Ein Blick zurück auf das Koch-Wohn-Eß-Lese-Gäste-Mediencenter, auf fünfundvierzig Quadratmeter durchgekoppelten Raum und verschwendete Zeit. Die meisten Sachen hat er gestern schon zusammengepackt, adressiert und an seine Eltern in Ohio geschickt. Sieben aufgestapelte Kartons, ein Frankensteinmonster aus Pappe. Das wird eine schöne Überraschung. Über Jahre kein Besuch, und plötzlich kommt das Monster angekrochen, in Gestalt von Schmutzwäsche. Hi, Dad, wie geht's Mom? Sieben Kartons ohne ein Wort des Grußes. Die gesammelten Werke von Billy Schine. Der Rest der Wohnung, Möbel, Geschirr, Fernseher und Stereoanlage gehört seiner Freundin Sally Hu, einer Wertpapieranalystin aus Brooklyn. Billy kennt sie vom College, ihre Beziehung hat sich ganz allmählich entwickelt: von Zufallsbegegnungen im ersten Jahr über eine sittsame Kumpelei nach dem Examen, eine Wohnnachbarschaft in New York, eine recht nette Freundschaft nach schmerzhafter Trennung (ihrerseits), ein Mitwohnverhältnis nach Mietenexplosion, eine Was-machen-wir-uns-heute-zuessen- Gemeinschaft, eine gelangweilte Rückenschrubbpartnerschaft, sexuelle Lückenbüßerakte und allfällige Wiederholungstaten - bis hin zur Pärchenbildung aus Mangel an Alternativen. Fast ein Jahr lang haben sie Tittenfick gemacht. Liebe bezeichnet Sally als Exchange von Körperflüssigkeiten, Geschlechtsverkehr als Körperschaftsfusion, Orgasmen sind für sie eine Doppelausschüttung. Blasen ist immer fifty-fifty, Sixty-nine die bevorzugte Zustellmethode.

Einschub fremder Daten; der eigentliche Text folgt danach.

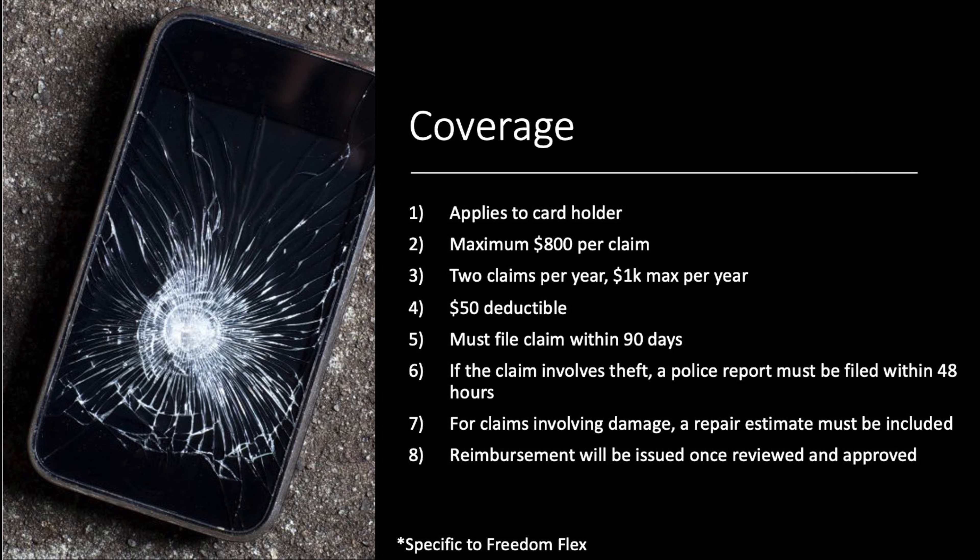When we talk about coverage, what can you expect from the credit card? Specific to the Freedom Flex, coverage applies to the cardholder — your name has to be on the card. You get a maximum of $800 per claim, two claims per year, $1,000 max per year, and a $50 deductible. You must file the claim within 90 days. If the claim involves theft, a police report must be filed within 48 hours. For claims involving damage, a repair estimate must be included, and reimbursement will be issued once reviewed and approved. That is the baseline for just about all the cards I've seen, though the amount of coverage and number of claims does vary card to card.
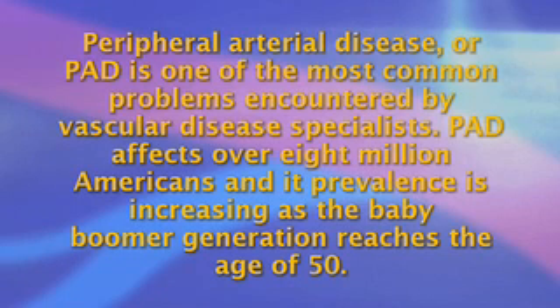Peripheral arterial disease, or PAD, is one of the most common problems encountered by vascular disease specialists. PAD affects over 8 million Americans and its prevalence is increasing as the baby boomer generation reaches the age of 50. By the age of 65, between 12 and 20 percent of the population will have some evidence of PAD.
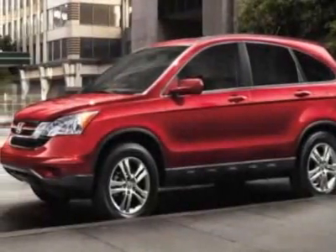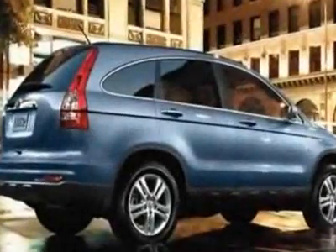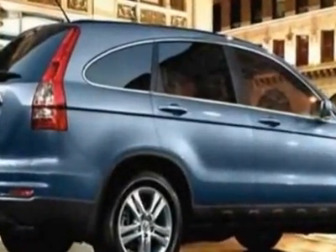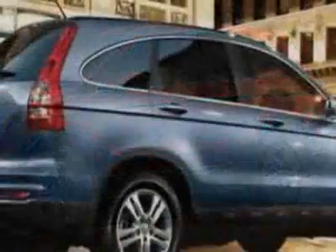Check out this new 2011 Honda CR-V for your protection. This vehicle has a full factory warranty. This vehicle gets 21 miles per gallon in the city and 27 on the highway.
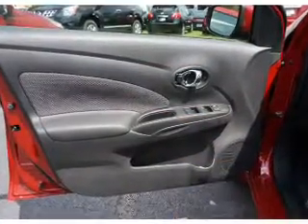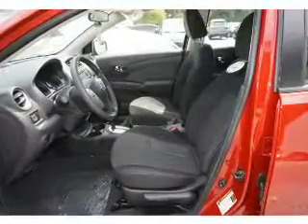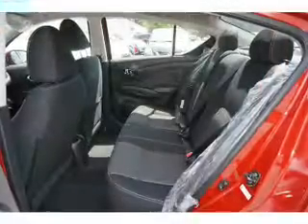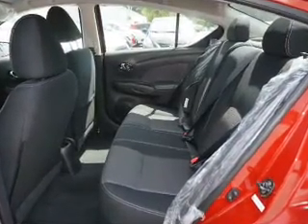The features include a spoiler, an alarm system, keyless entry, independent suspension, brake assist, traction control, stability control, and anti-lock brakes. Inside you'll find Bluetooth connectivity,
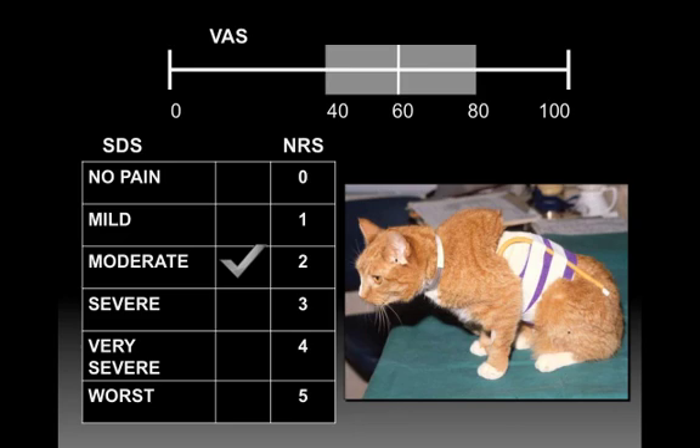Probably the best validated pain score for dogs is the short form of the Glasgow Composite Pain Scale. It really is one of the best scales available. A complete copy is in your handout, and you can download it from the Glasgow University website after signing a waiver, as it is a copyrighted document.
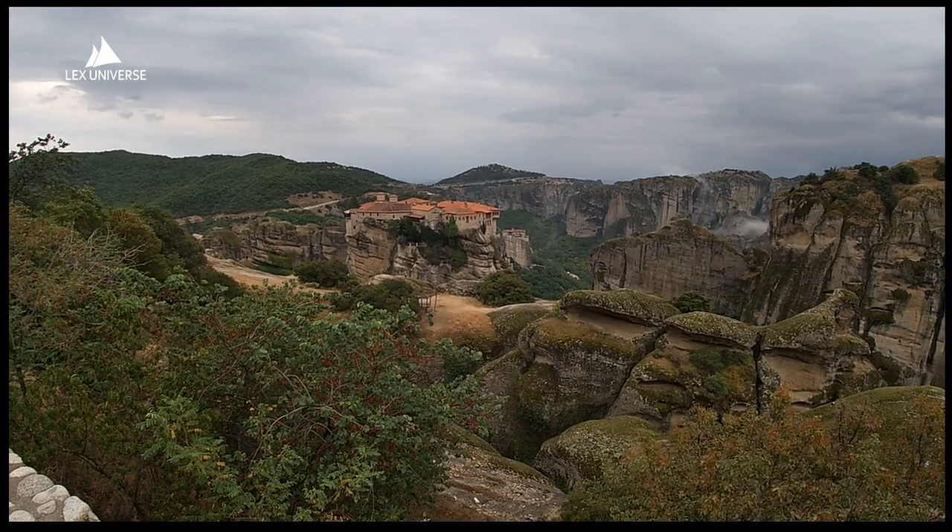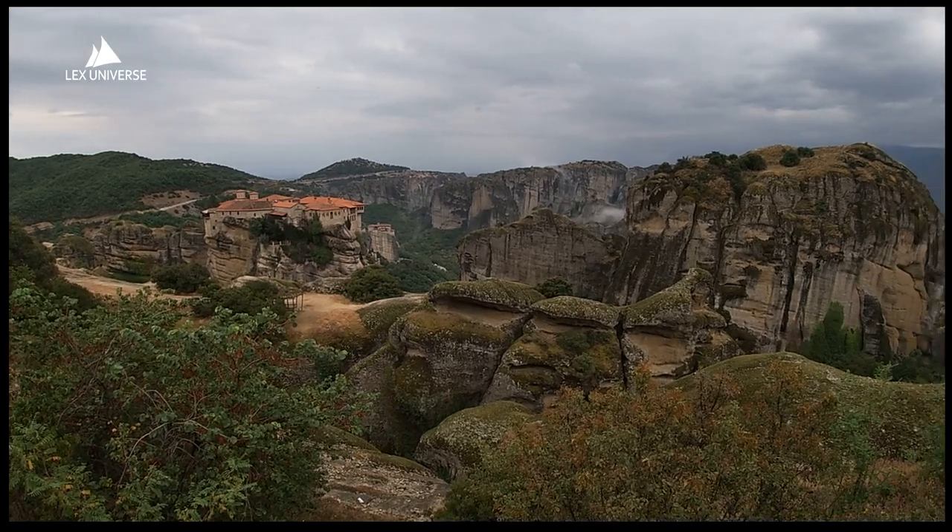I'll start with probably the main tourist attraction in everything above Athens — the Monasteries of Meteora. This is one of the most beautiful landscapes I've ever seen in my entire life. When you get there, you have a feeling that you're in some fantasy world; it really doesn't feel real.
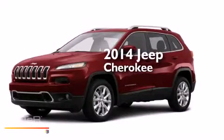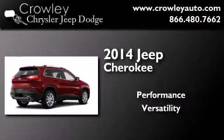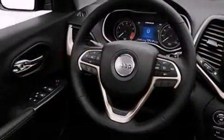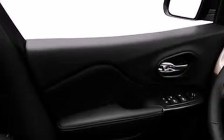This is a brand new 2014 Jeep Cherokee. Its top features include a rear-view camera, heated seats, satellite radio, roof rails, and traction control and stability control systems.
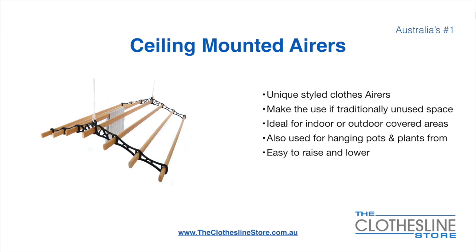Ceiling-mounted airers are a unique product. They make use of traditional unused space and are ideal for indoor and outdoor covered areas. They can also be used for hanging pots or plants, and they're very easy to use because you raise and lower them via a pulley system.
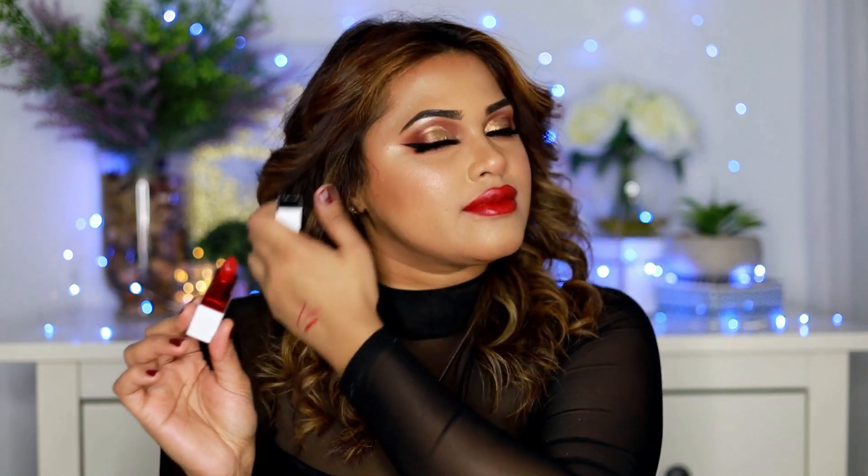Thank you so much for watching! I'll come up with another lip swatch tutorial very soon. I hope you guys enjoyed these small tutorials where I show you lipsticks that complement my skin tone. If you did, please don't forget to like, comment, share, and subscribe to my channel.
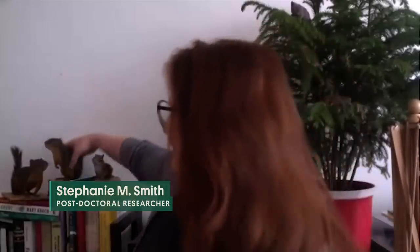I have my very first taxidermy that I ever did. This is a Douglas squirrel, and he looks pretty good. He hangs around in my house. A lot of people don't know that the Field Museum is an active research institution with hundreds of scientists behind the scenes, always discovering cool stuff.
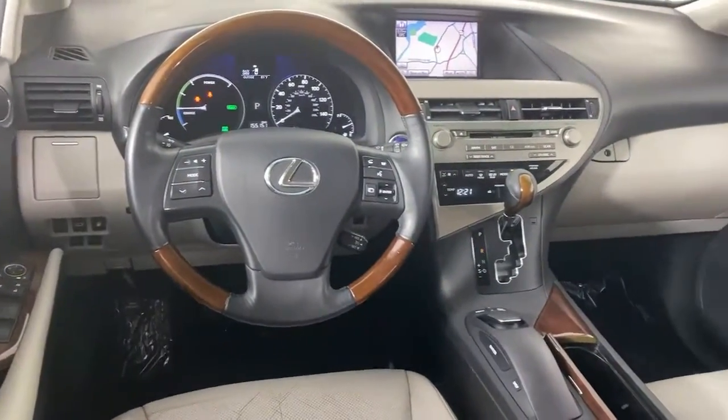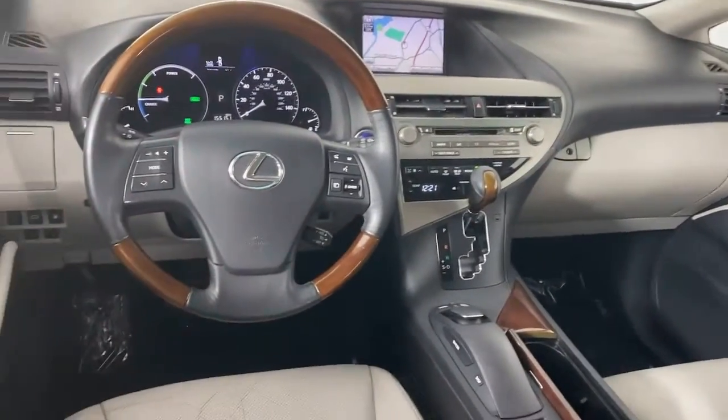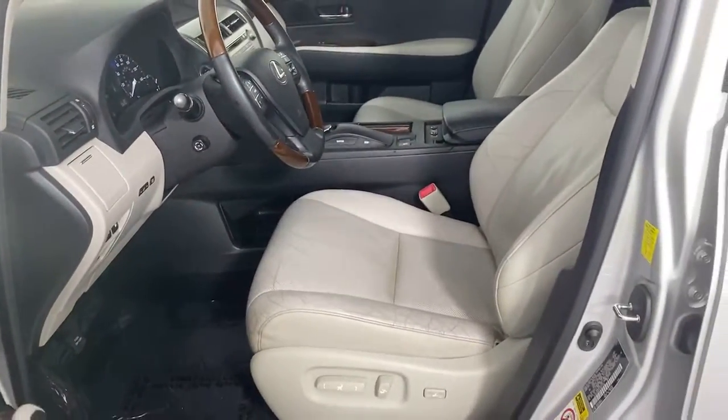Savor the journey in this silky, smooth-riding RX. Come in for a fun and easy test drive. Our team will make it the best part of your day.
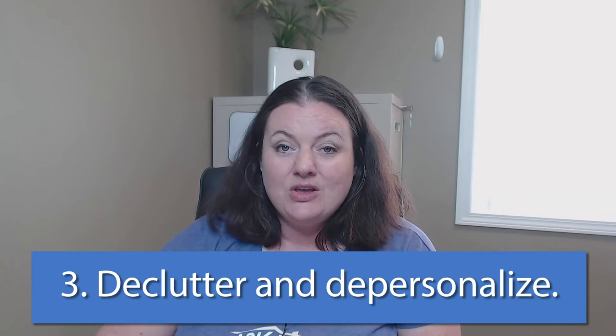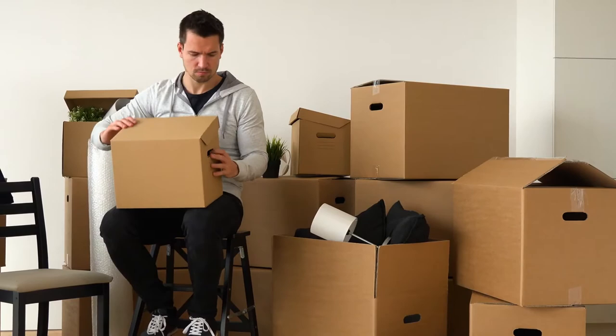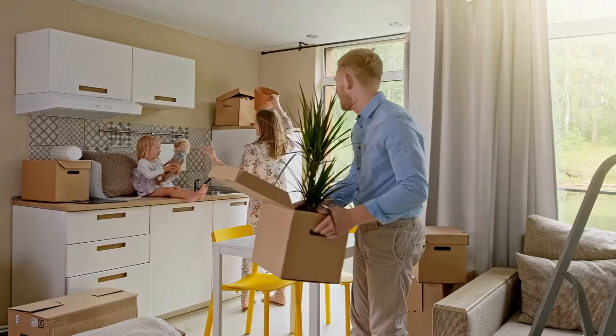Next, you're going to want to focus on decluttering and depersonalizing. Decluttering means finding a home for all the knickknacks on counters — clear your countertops for photographs and showings. If you can start packing and removing things from the home, I suggest you do that. The more space buyers see in the house, the larger the home is going to feel. Think closet space, kitchens — what can you start clearing out now?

Gegenseitige Masturbation ist die Mindesteinlage, abartiger Sex, bizarre Phantasien, erotische Hilfsmittel sind Sicherungsgeschäfte gegen die sexuelle Inflation, wenn nämlich Liebe, Ehe und Kinder derartige Transaktionen in langfristige Festanlagen verwandeln. "Als würden wir Insidergeschäfte machen ", sagte Sally einmal zu ihm, ganz vernarrt in ihren Bankerjargon. "Bitte!" erwiderte Billy zwischen ihren Beinen.
"Als würden wir den Sex outsourcen."
"Okay, es reicht."
"Eine Marktpenetrierung."
"Ich will deine Muschi vernaschen, nicht die asiatischen Märkte."
"Du Schwein."
So haben sie oft miteinander geredet.
Aber das ist jetzt vorbei.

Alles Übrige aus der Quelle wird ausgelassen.